Dataset entries —
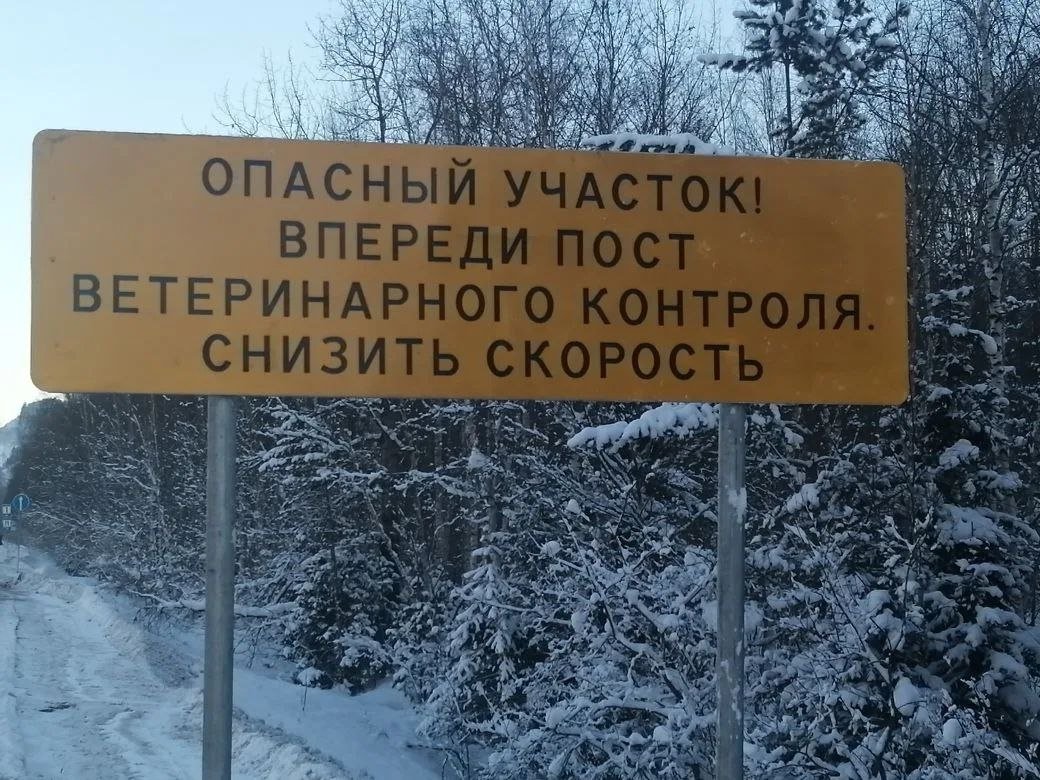 За один день 5 тонн нелегального мяса пытались провести в Иркутскую область правительство Иркутской области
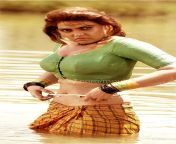 desktop wallpaper silk smitha multilingual actress.jpg from actress silk smitha sex video 3gp movie mousumi basor rat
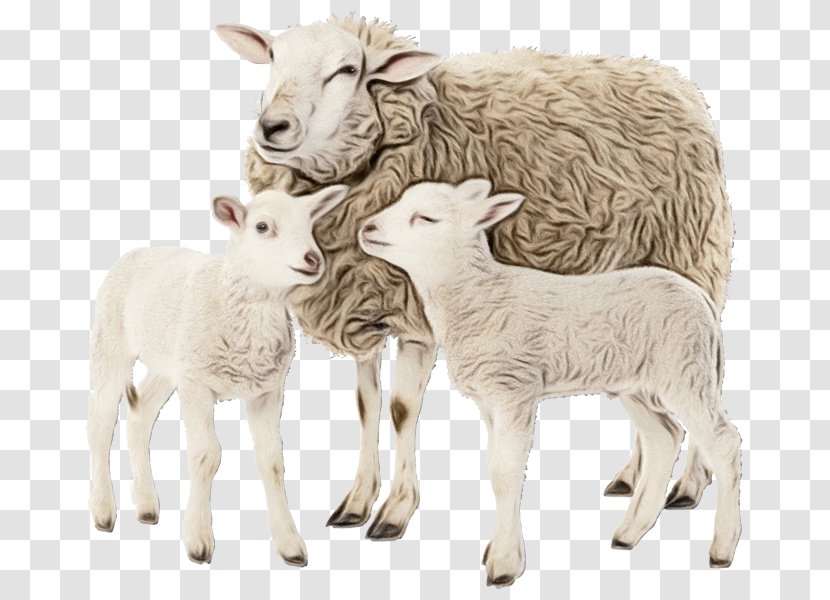 Sheep Animal Figure Figurine Livestock - Cowgoat Family - Wildlife Goats Transparent PNG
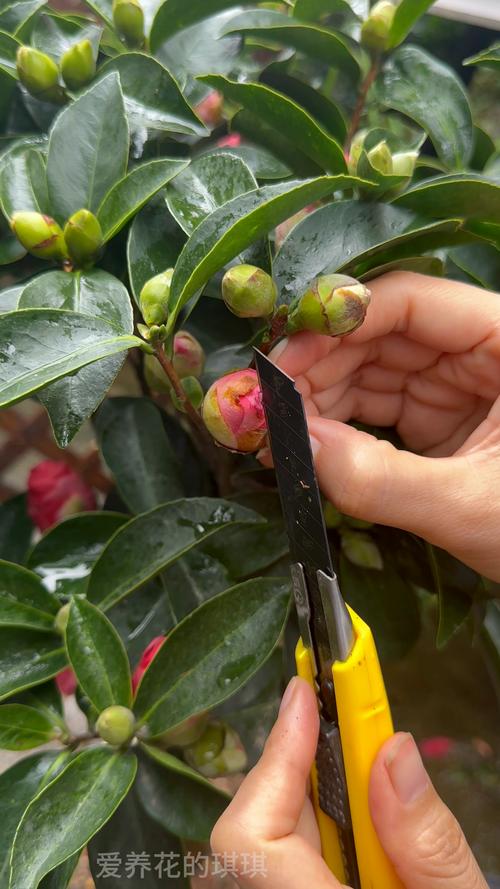 买回来的茶花怎么种植?从选时到成活的7步实操指南 买回来的茶花怎么种植?从选时到成活的7步实操指南
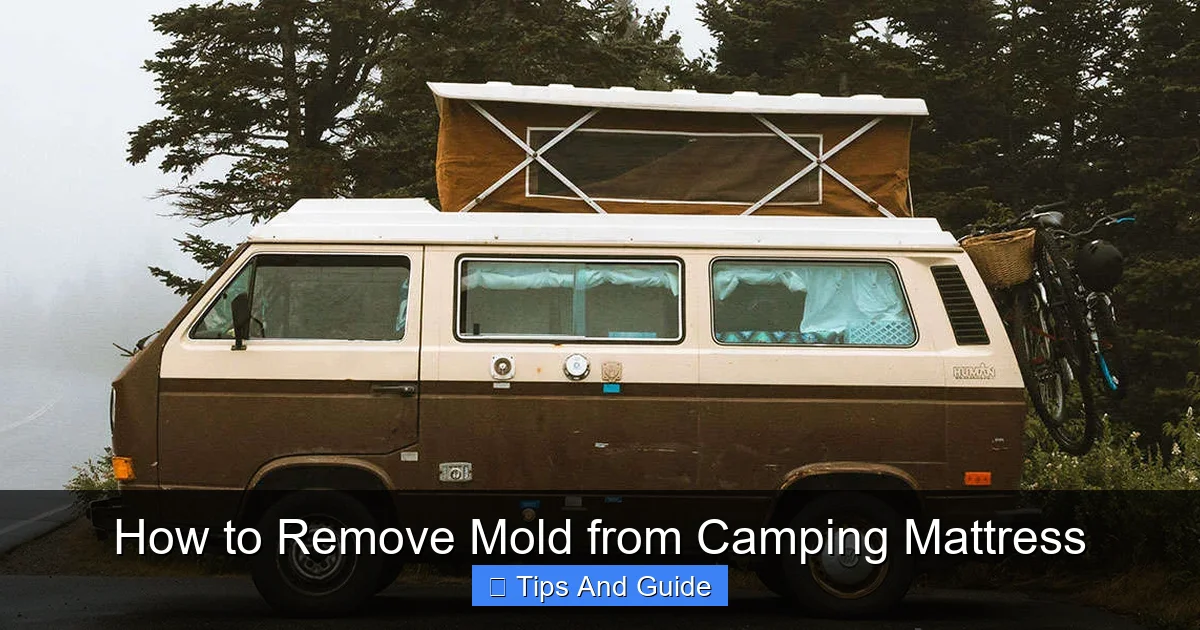 How to Remove Mold from Camping Mattress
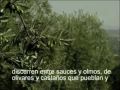 Película Promocional - Subtítulos en Español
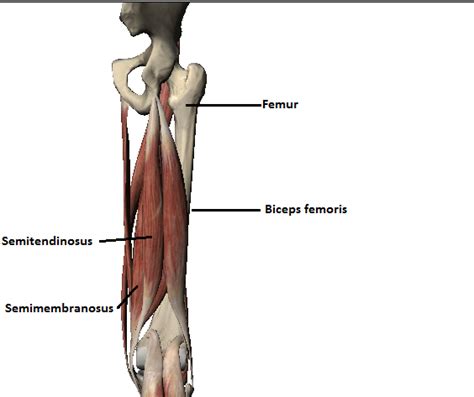 Hamstring Strain Anatomy Hamstring Muscles Anatomy Biceps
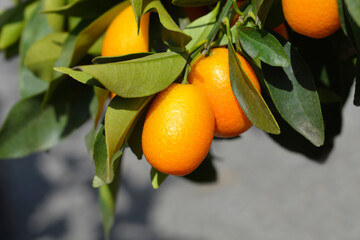 Kumquat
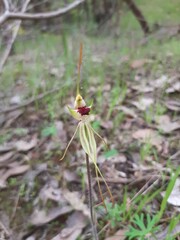 Caladenia parva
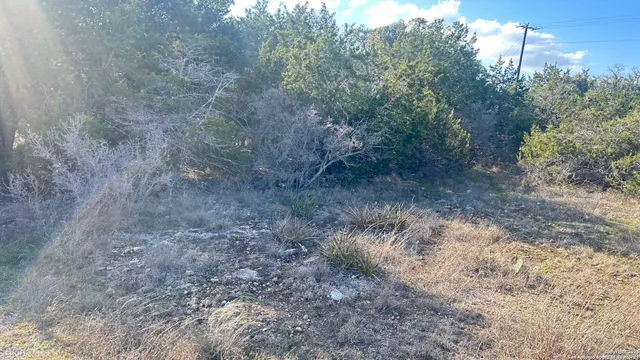 a view of a dry yard with trees in the background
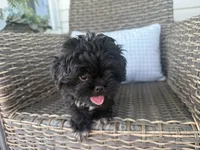 Bendy, a female Peekapoo for sale in Hartville, MO – 7 of 7
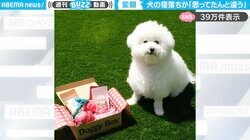 「エクソシストもびっくり！」犬が眠りに落ちる瞬間の“衝撃的な表情”に「思ってたのと違うw」「かわいい！」と大反響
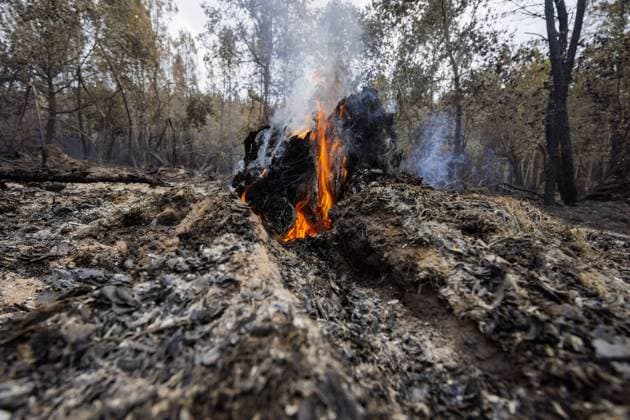Burning Tree Stump After Forest Fire - Luglon A burning tree stump smolders after a forest fire in Luglon, France on August 16, 2026. Photo by Robert Meerding NLBeeld Bruno Press ABACAPRESS.COM  Copyright: xBrunoxPress ABACAx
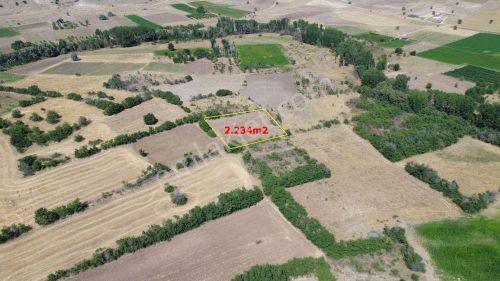 Arsa-Tarla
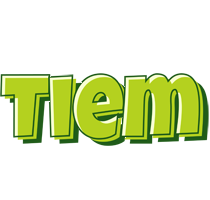 Tiem summer logo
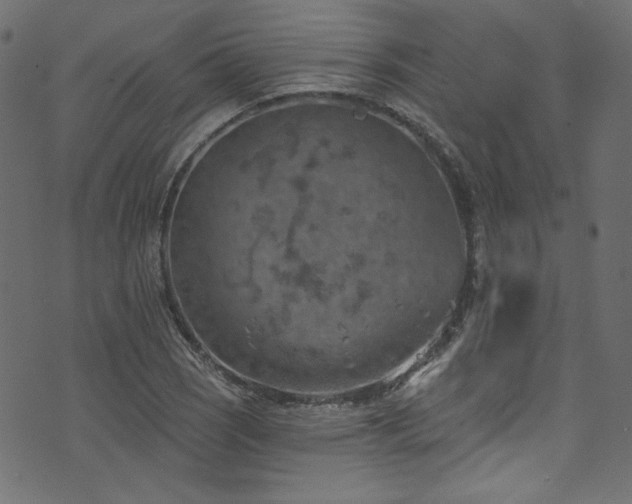 X0000074341121200608251344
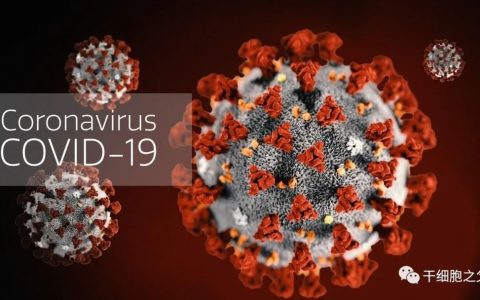 研究显示：COVID-19重症患者接受干细胞治疗，存活率至少提高2.5倍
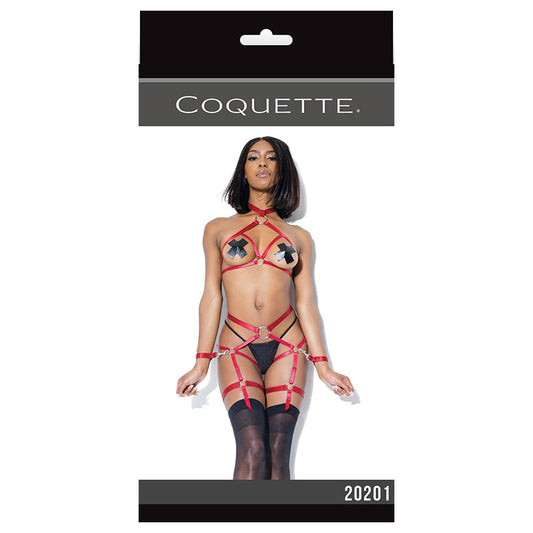 DARQUE HARNESS TOP AND CROTCHLESS PANTY MERLOT
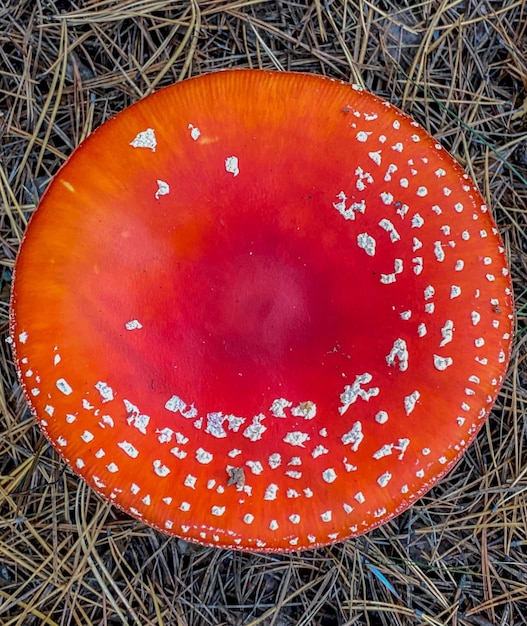 Amanita muscaria летает в лесу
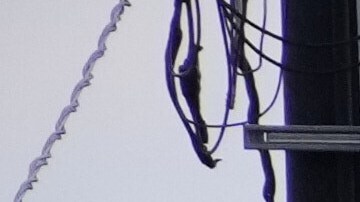 Participantes marchan en un desfile del Día de los Veteranos, el martes 11 de noviembre de 2025, en Media, Pensilvania.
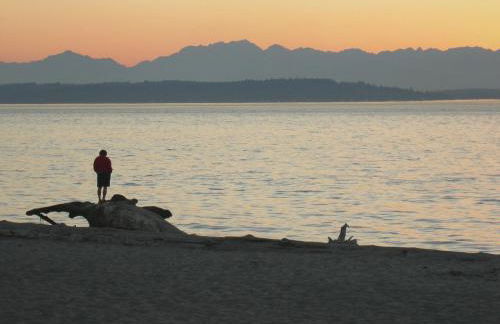 Steps to Alki Beach with Water Views Rooftop deck - Foto 54
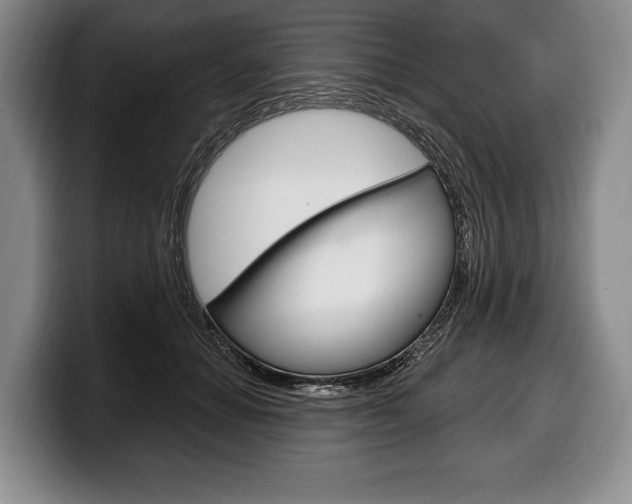 X0000100330654200806051205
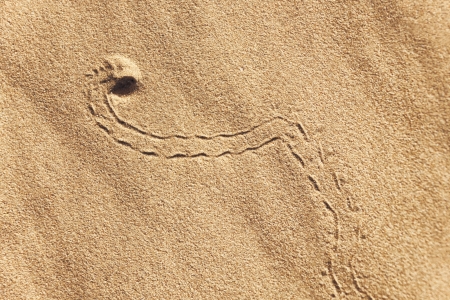 Animal track in desert sand, Sahara desert, Morocco 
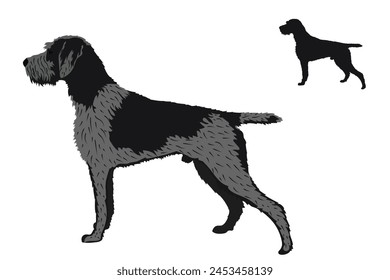 Dog breeds. Drahthaar dog isolated. Vector illustration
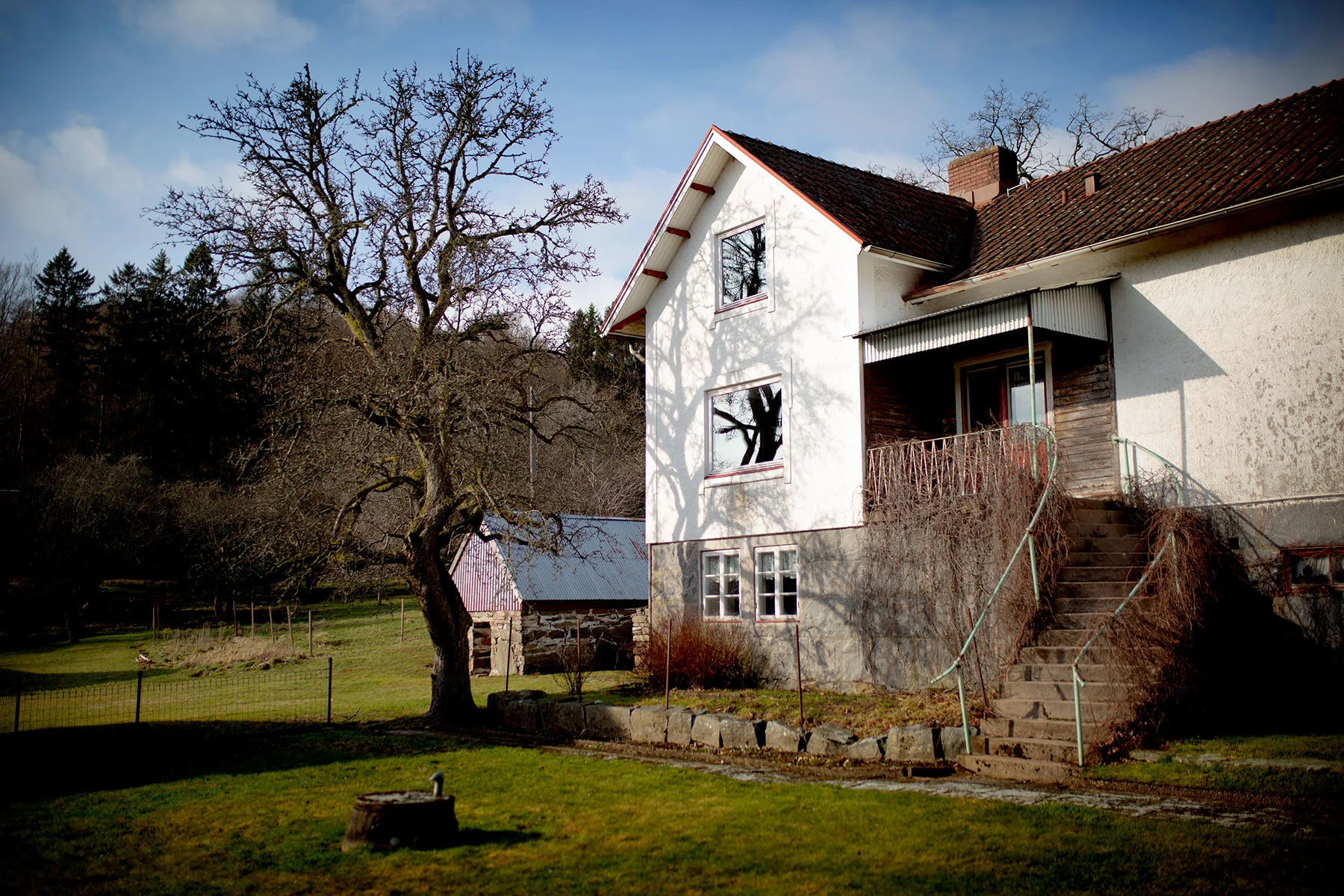 blogg-190223nas1.jpg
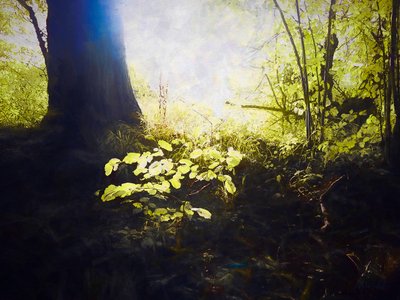 Megszentelt hely, 2018 alkotó: Helen White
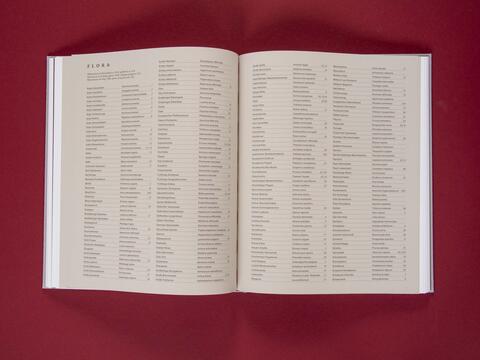 am_weg_hans-christian-schink_251010__21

What the task requires — From the first line to the last, set down the data exactly, without the pictures.

Answer box —
 За один день 5 тонн нелегального мяса пытались провести в Иркутскую область правительство Иркутской области
 desktop wallpaper silk smitha multilingual actress.jpg from actress silk smitha sex video 3gp movie mousumi basor rat
 Sheep Animal Figure Figurine Livestock - Cowgoat Family - Wildlife Goats Transparent PNG
 买回来的茶花怎么种植?从选时到成活的7步实操指南 买回来的茶花怎么种植?从选时到成活的7步实操指南
 How to Remove Mold from Camping Mattress
 Película Promocional - Subtítulos en Español
 Hamstring Strain Anatomy Hamstring Muscles Anatomy Biceps
 Kumquat
 Caladenia parva
 a view of a dry yard with trees in the background
 Bendy, a female Peekapoo for sale in Hartville, MO – 7 of 7
 「エクソシストもびっくり！」犬が眠りに落ちる瞬間の“衝撃的な表情”に「思ってたのと違うw」「かわいい！」と大反響
Burning Tree Stump After Forest Fire - Luglon A burning tree stump smolders after a forest fire in Luglon, France on August 16, 2026. Photo by Robert Meerding NLBeeld Bruno Press ABACAPRESS.COM  Copyright: xBrunoxPress ABACAx
 Arsa-Tarla
 Tiem summer logo
 X0000074341121200608251344
 研究显示：COVID-19重症患者接受干细胞治疗，存活率至少提高2.5倍
 DARQUE HARNESS TOP AND CROTCHLESS PANTY MERLOT
 Amanita muscaria летает в лесу
 Participantes marchan en un desfile del Día de los Veteranos, el martes 11 de noviembre de 2025, en Media, Pensilvania.
 Steps to Alki Beach with Water Views Rooftop deck - Foto 54
 X0000100330654200806051205
 Animal track in desert sand, Sahara desert, Morocco 
 Dog breeds. Drahthaar dog isolated. Vector illustration
 blogg-190223nas1.jpg
 Megszentelt hely, 2018 alkotó: Helen White
 am_weg_hans-christian-schink_251010__21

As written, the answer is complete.